**Collected data**
▬▬▬▬▬▬
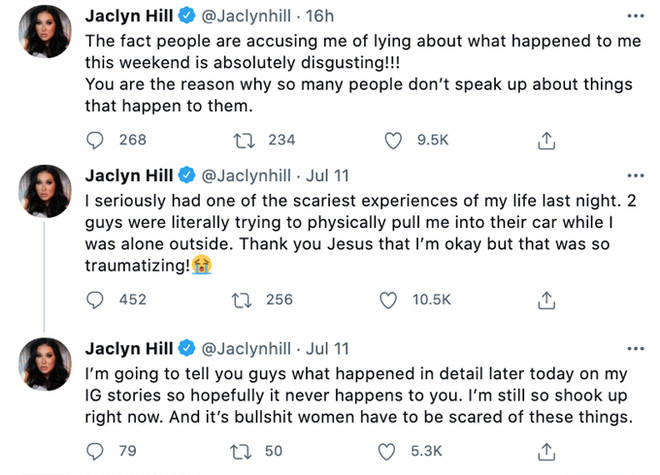 Jaclyn Hill Tweets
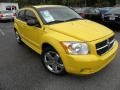 2007 Solar Yellow Dodge Caliber R/T AWD #69094128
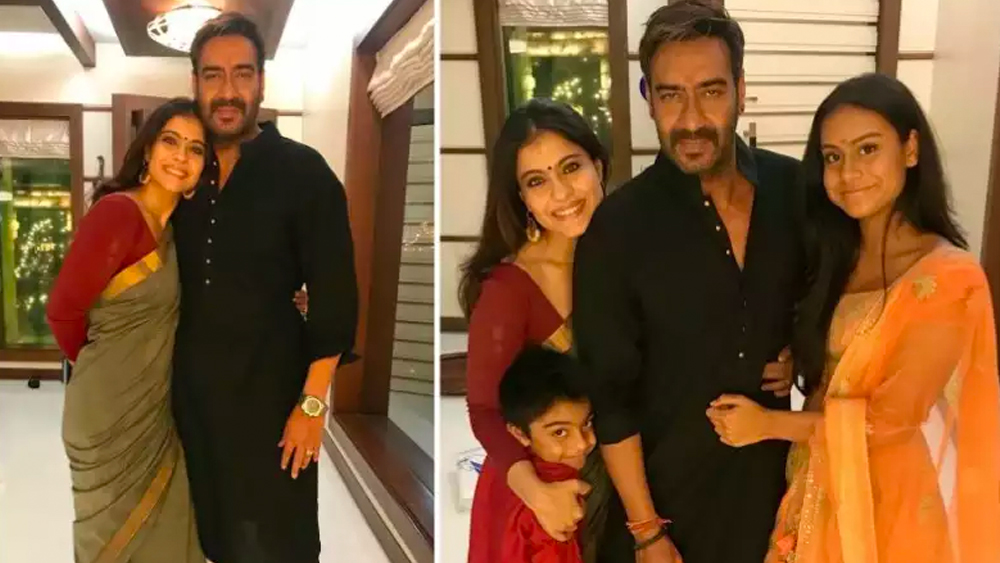 অজয় এবং কাজল দু’জনেই তাঁদের সন্তানদের প্রতি ভীষণ যত্নশীল। ২০০৩ সালে তাঁদের প্রথম সন্তান নাইসার জন্ম। ২০১০ এ জন্ম হয় ছেলে যুগের। ছেলে যুগের  কর্ড ব্লাডও সংরক্ষণ করে রেখেছেন তাঁরা।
▬▬▬▬▬▬
**Problem to work on**
Skipping any pictures, transcribe the full listing exactly.

**Exercise solution**
 Jaclyn Hill Tweets
 2007 Solar Yellow Dodge Caliber R/T AWD #69094128
 অজয় এবং কাজল দু’জনেই তাঁদের সন্তানদের প্রতি ভীষণ যত্নশীল। ২০০৩ সালে তাঁদের প্রথম সন্তান নাইসার জন্ম। ২০১০ এ জন্ম হয় ছেলে যুগের। ছেলে যুগের  কর্ড ব্লাডও সংরক্ষণ করে রেখেছেন তাঁরা।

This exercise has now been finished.